Un ancien joueur du PSG : « Le football, c'est comme une prison où j'ai vécu 15 ans ! » - Elbotola
Elbotola Logo
Un ancien joueur du PSG : « Le football, c'est comme une prison où j'ai vécu 15 ans ! »

Un ancien joueur du PSG : « Le football, c'est comme une prison où j'ai vécu 15 ans ! »

10 février 2026à 15:33

L'ancien international néerlandais Gregory van der Wiel, qui a disputé près de 132 matchs avec le Paris Saint-Germain entre 2012 et 2016, après des passages à l'Ajax et à Fenerbahçe, a révélé des détails choquants sur son expérience dans le monde du football, via des publications sur ses comptes de réseaux sociaux.

Van der Wiel a déclaré : « Le football, c'est comme une prison. J'ai gagné 16 titres et je n'ai rien ressenti, ni joie, ni fierté, ni soulagement, car j'étais trop occupé à porter un masque, à faire semblant d'aller bien, à ne rien faire qui puisse me déranger, et à montrer que je maîtrisais la situation. »

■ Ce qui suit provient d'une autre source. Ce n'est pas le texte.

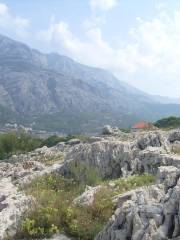 Mountain lodge under Vosac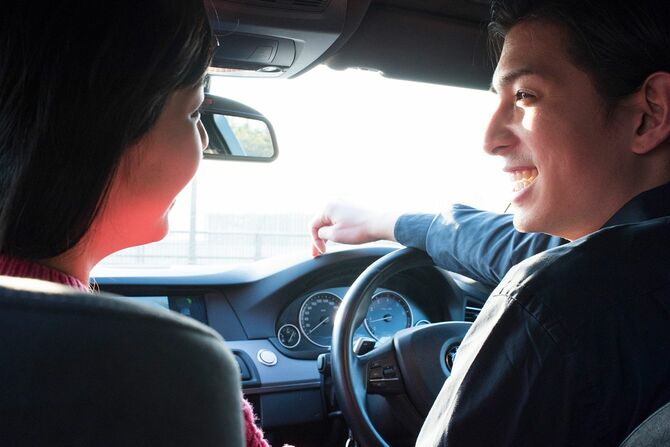 運転中に楽しい会話をする若いカップル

Il a ajouté : « J'ai porté ce masque si longtemps que je suis devenu le masque lui-même. Je suis devenu comme un robot qui joue un rôle sans rien ressentir. »

L'ancien joueur a poursuivi son propos, soulignant que « la plupart des athlètes ne connaîtront jamais ce sentiment et passeront toute leur carrière à jouer dans la peur : peur de l'entraîneur, peur du jugement des supporters, peur des médias, peur de leurs propres pensées. On appelle cela de la pression, et on dit : "C'est ça le football, tout simplement." Non, ce n'est pas le cas, c'est une prison, et j'y ai vécu pendant 15 ans. »

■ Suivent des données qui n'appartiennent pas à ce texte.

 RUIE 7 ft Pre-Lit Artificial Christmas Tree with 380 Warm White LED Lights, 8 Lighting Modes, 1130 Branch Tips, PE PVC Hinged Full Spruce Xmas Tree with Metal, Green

Van der Wiel a conclu ses déclarations en affirmant : « J'ai joué avec rigidité alors que j'aurais dû jouer avec liberté, je me suis retenu alors que j'aurais dû exploser, et j'ai douté de mes capacités alors que j'aurais dû avoir confiance. La version de moi-même que j'aurais pu être existe toujours quelque part, elle n'a jamais vu le jour, et cela me tourmente et me hante encore. »

Pourquoi Gregory van der Wiel a-t-il comparé le football à une prison ?

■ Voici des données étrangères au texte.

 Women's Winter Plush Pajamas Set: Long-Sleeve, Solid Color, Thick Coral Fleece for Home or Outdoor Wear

L'ancien joueur du PSG a ressenti une pression constante, l'obligeant à porter un masque et à simuler le bien-être. Malgré 16 titres, il n'éprouvait ni joie ni fierté, se sentant comme un robot.

Quelles conséquences cette expérience a-t-elle eues sur Gregory van der Wiel ?

Il a le sentiment d'avoir perdu son identité, devenant un "masque" ou un "robot" sur le terrain. Cette rigidité l'a empêché d'exprimer son plein potentiel, un regret qui le hante encore.